Talvez essa ideia de gostos extremos venha, justamente, da expectativa. Quem espera uma comédia cheia de gags como, por exemplo, O Virgem de 40 Anos, filme que colocou seu nome sob os holofotes, vai “ganhar” algo muito mais próximo do resto da carreira do cineasta, o que é fácil passar por chato. Apatow não parece satisfeito apenas com os risos, vai em busca de algo a mais.
Ele já tinha errado feio em Tá Rindo do Que?, mas parece ter ajustado seu rumo e entendido sua voz, tanto como diretor, quanto como produtor. Seu nome parece agora estar, mais do que nunca, atrelado a produções que não se importam de serem taxadas como dramas, mas que têm uma pitada de comédia que surge sutil e não larga o filme. Ao tratar suas comédias como algo mais complexo do que uma “punch line” no final da cena, cria filmes mais maduros e que buscam um público bem mais específico.
Portanto, quem gargalhou com Steve Carrell depilando o peito, agora terá que lidar também com a complexidade desses personagens e de uma história que não se resolverá com uma atrapalhada no final ou um “eu te amo” no aeroporto.

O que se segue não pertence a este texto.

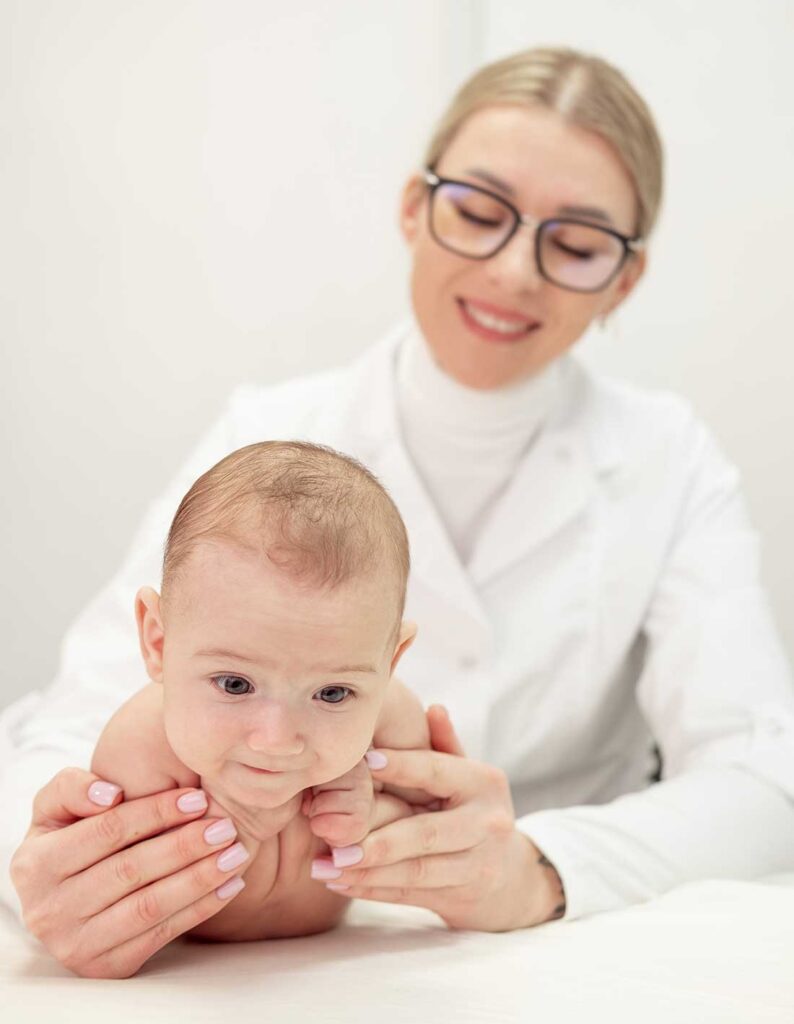 dottoressa che effettua una diagnosi di ostruzione del dotto lacrimale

A Arte de Ser Adulto é um desses casos complexos. O filme não merece esse título nacional, já que não é sobre qualquer tipo de guia ou manual para se tornar um adulto, muito menos as complicações de sair da juventude. Apatow não quer simplesmente julgar seus personagens ou mostrar o que está certo ou errado através de uma epifania de terceiro ato que salva o protagonista, a ideia é entender e acompanhar.
No filme, Pete Davidson (do Saturday Night Live desde 2014) é Scott Carlin, um rapaz de 24 anos, morador de Staten Island, uma espécie de bairro da cidade de Nova York (na verdade algo como um condado ou “Burgo”). A ilha é a mais afastada dos outros locais que circundam Manhattan, o que parece fazer dela um lugar com uma personalidade ainda mais única dentro de toda essa região. E nesse lugar que Apatow está interessado. nele e nas pessoas que estão lá.
Scott tem o sonho de se tornar um tatuador, mas enquanto isso não acontece, fica por aí. Simples assim, não parece muito que ele esteja interessado em nada e abre o filme, justamente, tentando fechar os olhos e deixar isso para trás enquanto dirige em uma rodovia. Os pedidos de desculpa para si mesmo ao provocar um acidente, mas sair ileso, é quase um pedido de socorro. Ainda que ele seja alguém sem o futuro esperado, é uma pessoa com um coração maior do que suas tentativas de conviver com as pressões ao seu redor.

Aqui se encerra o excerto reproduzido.